Both men stressed any data collected would be anonymous.
But Mr Gould said "it would be very useful epidemiologically" - potentially identifying hotspots where "the virus was propagating" - if, in a update to the app, people voluntarily revealed where their proximity contacts had happened.
And it is not clear whether those they had had the contact with would have any choice about being tracked in a way that could end up creating a huge database of the movements of millions of people.
Prof Lilian Edwards, a leading expert on privacy law, told the committee there was an intrinsic risk in building a such a centralised database, which might be retained in some form beyond the pandemic.

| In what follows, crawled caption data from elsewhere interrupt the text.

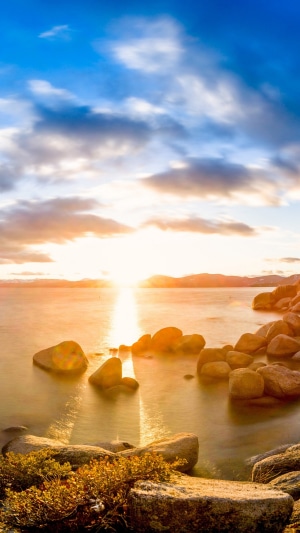 Sunset over a rocky lake shore 4K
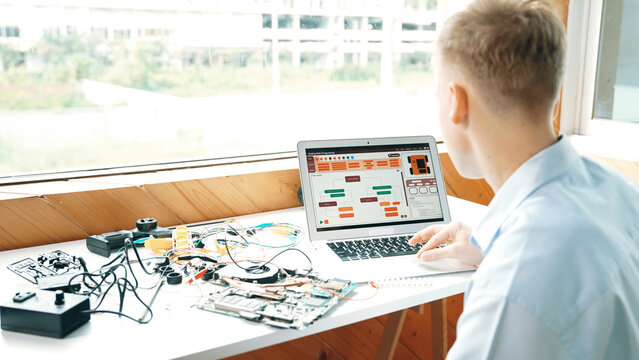 Caucasian student looking at laptop screen while coding engineering prompt or programing system. Back view of smart teenager working by using computer and electronic tool at STEM class. Edification.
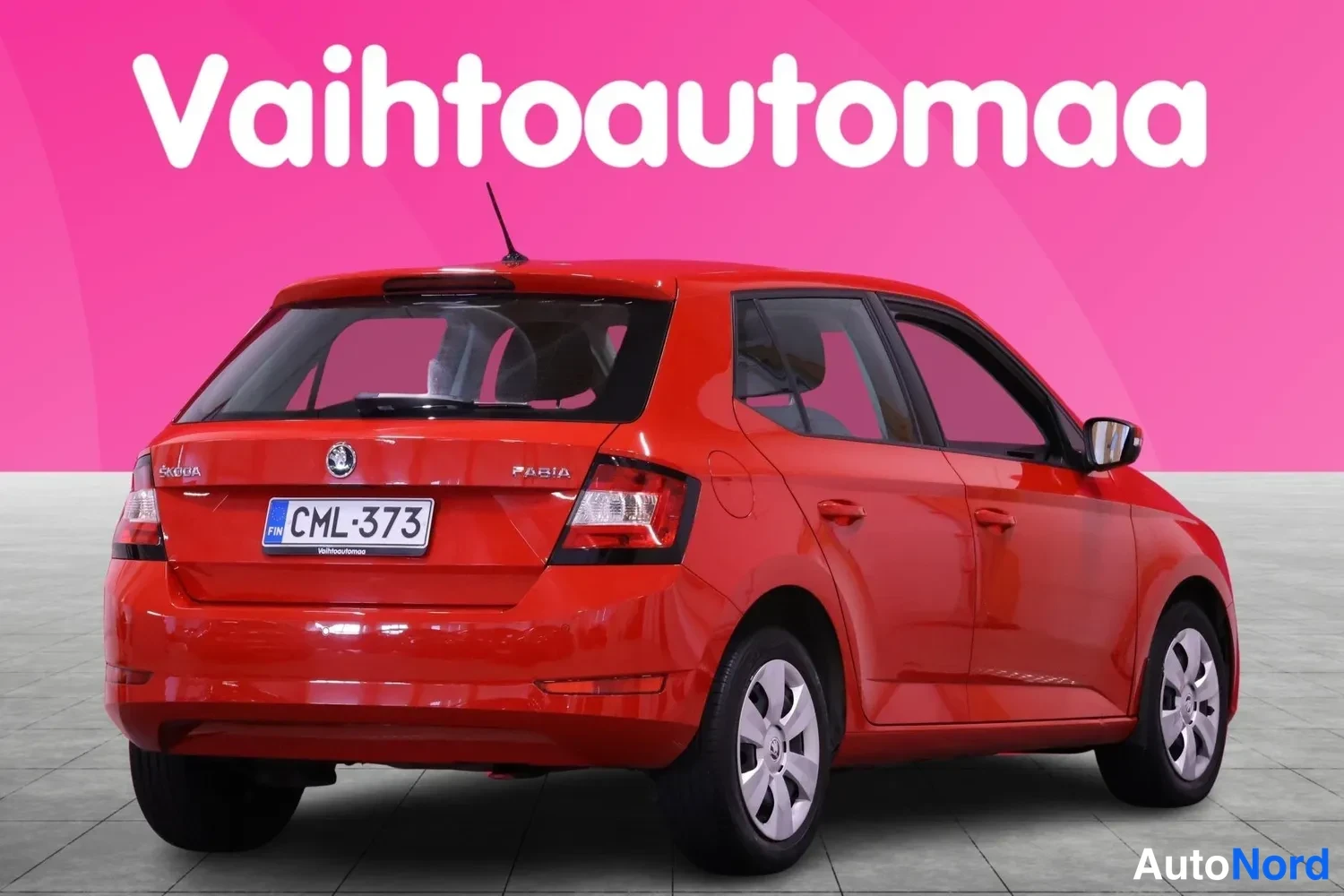 Takaviisto: Punaisen hatchback-auton takakulma, takavalojen, takaluukun ja kyljen näkyessä, rekisteritunnus.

The target of persuading 80% of smartphone users to use the app would be virtually impossible without the 20% of the population polls suggested were worried about privacy, she said.
Although, it could effectively become compulsory if its use was made a condition of employment or admission to places such as football stadiums.
Greg Clark, who chairs the committee, meanwhile, suggested people may not take the app with them to the supermarket if they risked being told to stay home for two weeks because of a brief contact with someone infected.
Later at the daily Downing Street briefing, Health Secretary Matt Hancock confirmed he intended for 18,000 human contact tracers, whose work will complement the software, to be in place "before or at the same time as the app".